Effective immediately, travelers to Italy will no longer have to present proof of vaccination or a negative COVID-19 test upon arrival, nor upon entry to restaurants, public transportation, museums, theaters, and other public spaces, which had been a requirement.
However, there are still some COVID-19 rules on the ground. FFP2 facemasks are still required, at least until June 15, in some locations including on airplanes, ships, and ferries, on intercity or regional trains and buses, and at theatres and stadiums and other live music or sports venues.
The country is also recommending citizens and tourists wear masks in all indoor public places and crowded outdoor spaces.
The U.S. Centers for Disease Control and Prevention (CDC) currently has Italy at its Level 3: High Level of COVID-19 in its travel notice system.
“Make sure you are up to date with your COVID-19 vaccines before traveling to Italy,” the CDC’s advisory reads. “If you are not up to date with your COVID-19 vaccines, avoid travel to Italy.”
Other Level 3 countries, which are the majority of the countries that the CDC monitors, include The Bahamas, France, Germany, Ireland, Israel, The Netherlands, Portugal, Spain, and the U.K.
The news comes ahead of what is expected to be a busy European summer travel season. According to data from travel insurance provider Squaremouth, the number of U.S. tourists heading to Europe this summer has reached levels not seen since 2019.

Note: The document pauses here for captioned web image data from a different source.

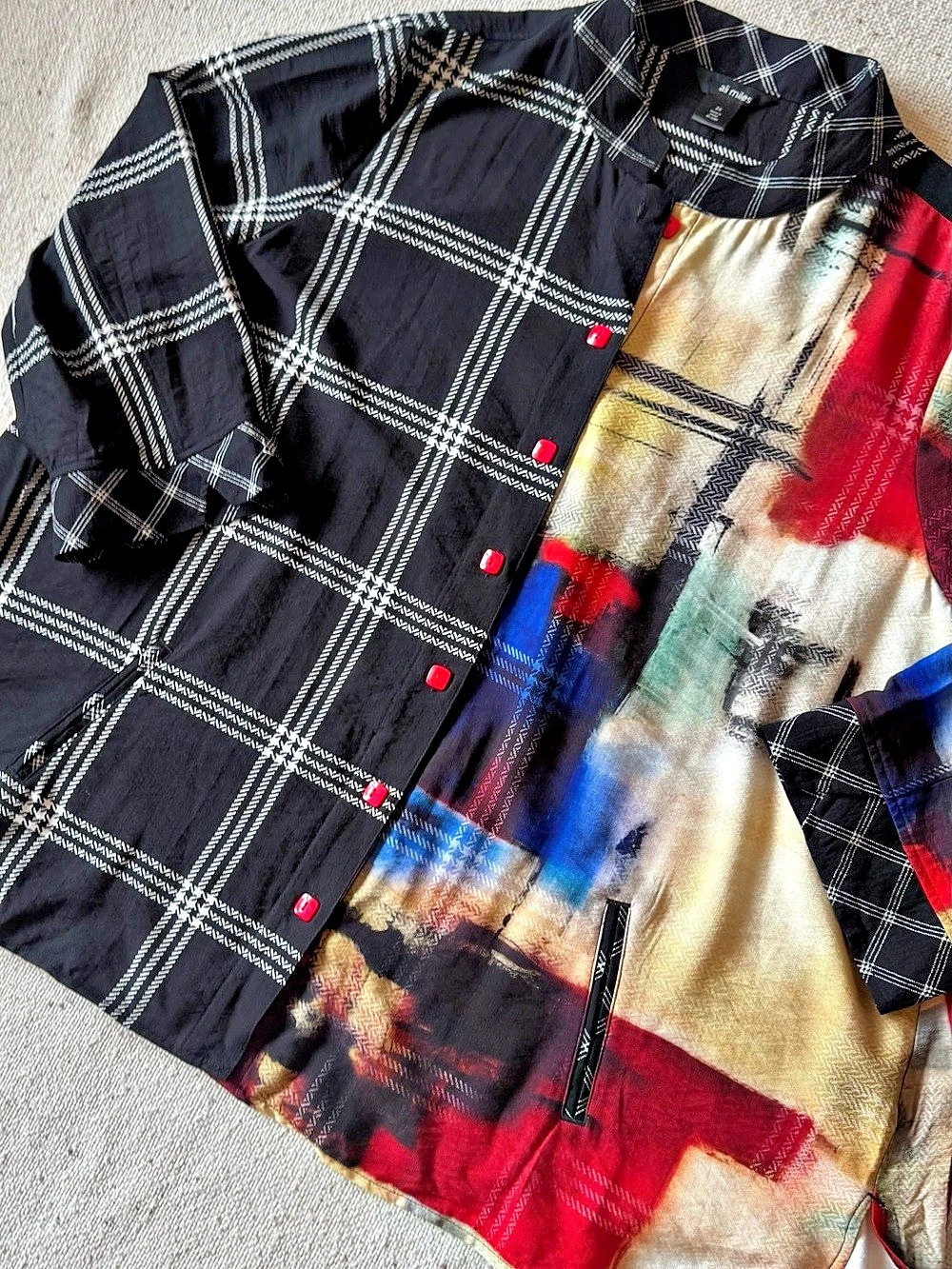 Ali Miles Women’s 2X Mixed Print Plaid Abstract Button Front Jacket Artsy Art to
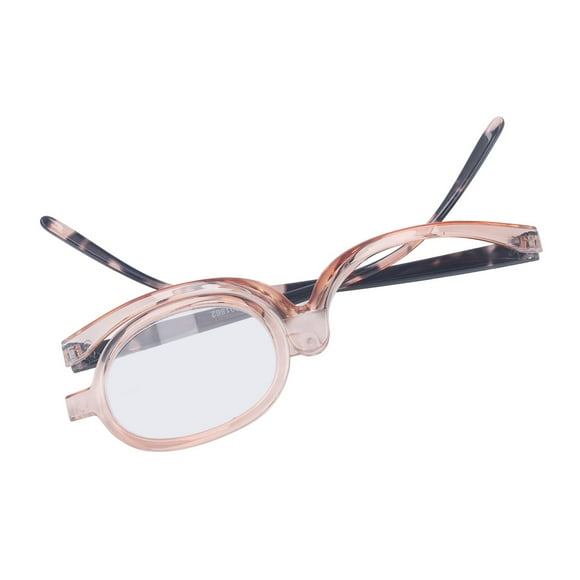 Orange 180 Degree Rotation Makeup Reading Glasses, Rotating Eye Makeup Glasses with Protect Box, Cosmetic Women Reading Glasses for Reading and Make Up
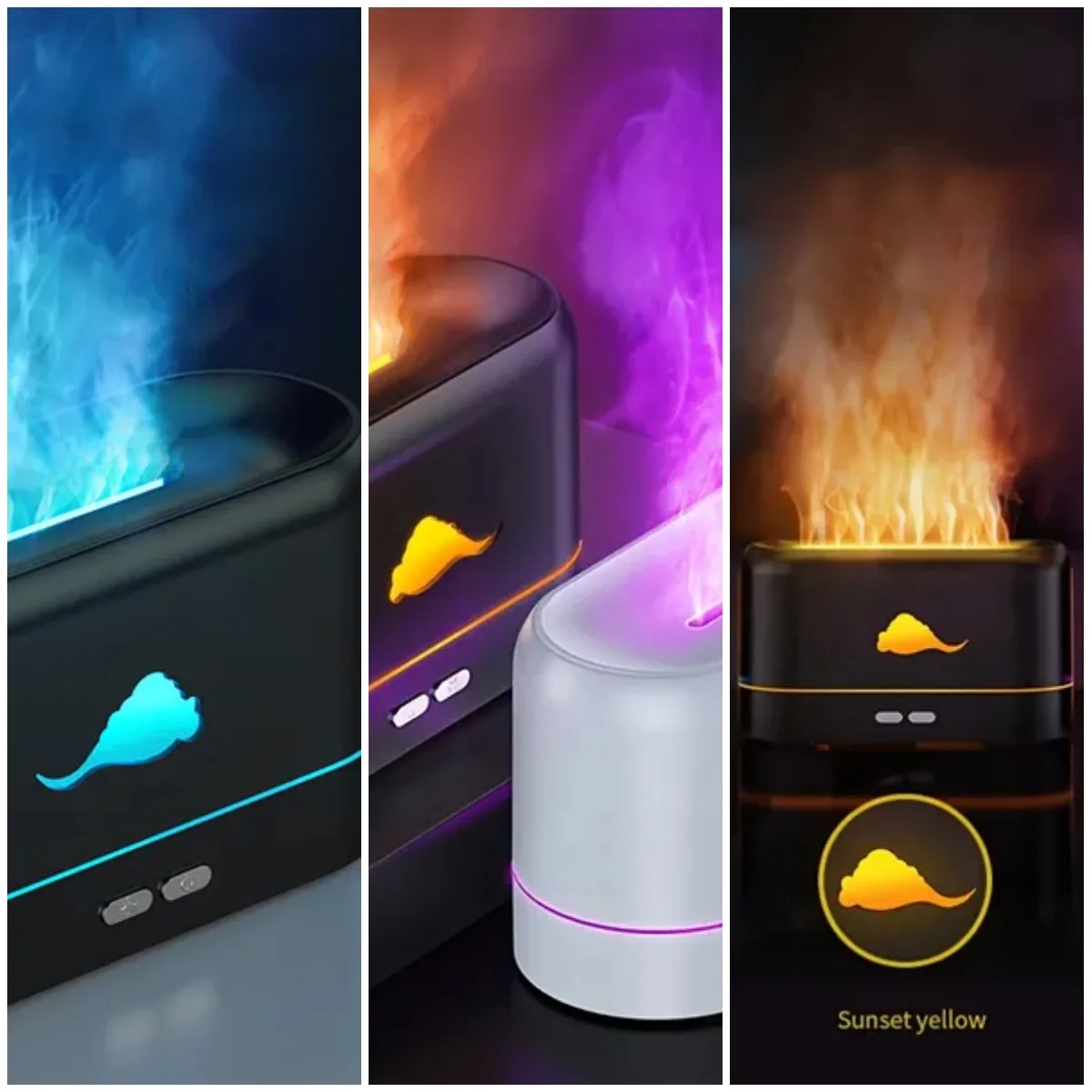 

1pc Flame Air Diffuser, Portable Aroma Diffuser for Home & Office, Essential Oil Humidifier with Auto-Off Protection (Black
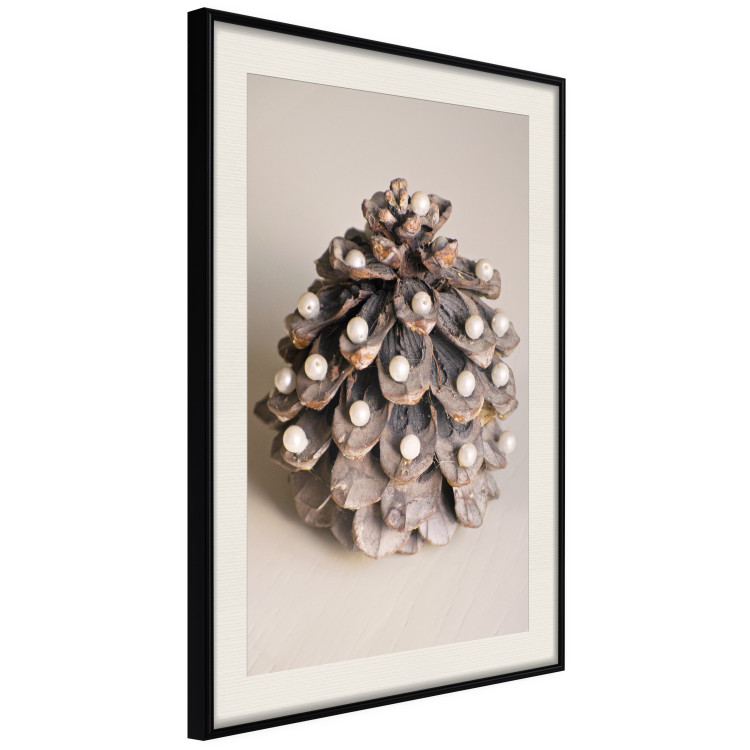 Wall Poster Christmas Decoration - cone decorated with white balls on a light background 137970 additionalImage 20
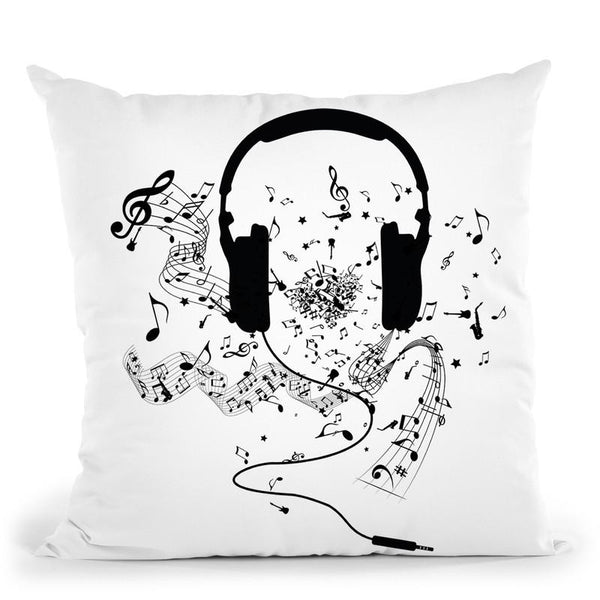 Headphones And Music Notes Throw Pillow By Cornel Vlad - by all about vibe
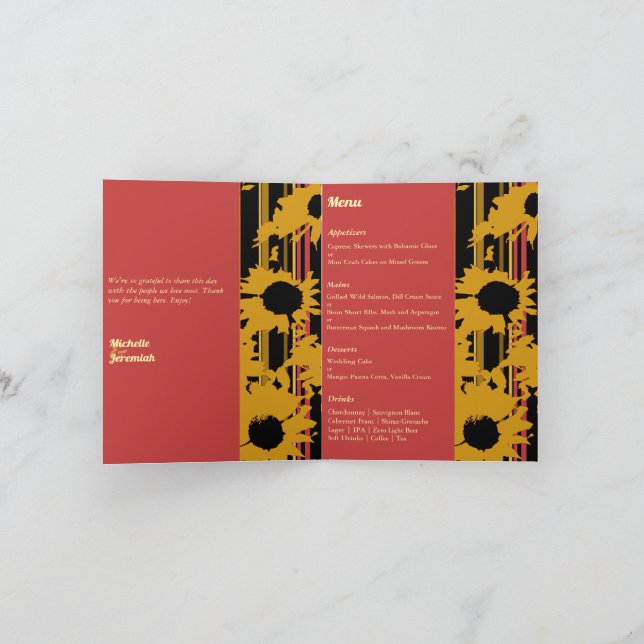 Tournesol Été Or Rouge Menu de Mariage Photo (Intérieur)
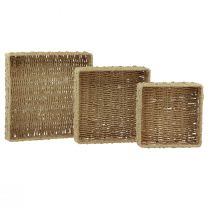kohteita Koristeellinen tarjotin neliönmuotoinen kori metalli luonnollinen 30/25/20cm sarja 3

Prior to the pandemic, Europe comprised roughly 50% of all summer trips insured through Squaremouth. That fell to 11% in the summer of 2021. This year, European trips insured through Squaremouth peak at 51% in September, and account for 52% of all trips booked next summer.
As for where travelers are going, data shows that more travelers are insuring trips to Italy, and Greece, than in pre-pandemic years.